Donna Laframboise, a director of the Canadian Civil Liberties Association, assured readers
of the National Post that "Mr. Sharpe has not been charged with molesting actual children.
Rather, he has been charged with being in possession of sexually oriented material
involving persons under the age of 18. If no real children were harmed by its production
why should it be illegal?"
Jonathan Kay, a member of the Post's editorial board, trivialized the material in Sharpe's
possession, perhaps to convince his readers the law is worse than the crime. "A law that
threatens to put a citizen in jail for sketches and fantasies that he writes in his own diary
seems odd." That's all. Nothing but a couple of pen-and-ink drawings and a few naughty
bits in a private journal. We may be repulsed by their content, but where's the crime?
Laframboise had made a similar point. "Although it's perfectly legal for a 16-year-old girl to
have sex with her 17-year-old boyfriend, if that girl sketches the two them in a sexual
embrace, our law says she has just manufactured child pornography."
Unfortunately for Laframboise, citing the ludicrous extreme in the Sharpe case cannot
justify the CCLA's defence of this detestable man or the material he collects. Nor, in Kay's
case, can pretending Sharpe's material is no more abhorrent than a collection of
anatomically correct Beanie Babies change its true nature.

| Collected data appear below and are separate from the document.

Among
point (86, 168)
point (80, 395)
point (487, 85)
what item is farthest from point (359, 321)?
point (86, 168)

The material seized from Sharpe's home is far more than mere sketches and diaries. I
describe them here to give readers a sense of their truly evil nature, as well as a measure
of the man at the centre of this controversy.
The stories fill several binders. All are violent, describing children (all boys, except for a
single girl in one story) being tortured in horrific and extreme ways. Most depict the
children deriving sexual pleasure from their abuse. Almost none involve boys over 14.
Some describe the sodomizing and beating of little boys of six.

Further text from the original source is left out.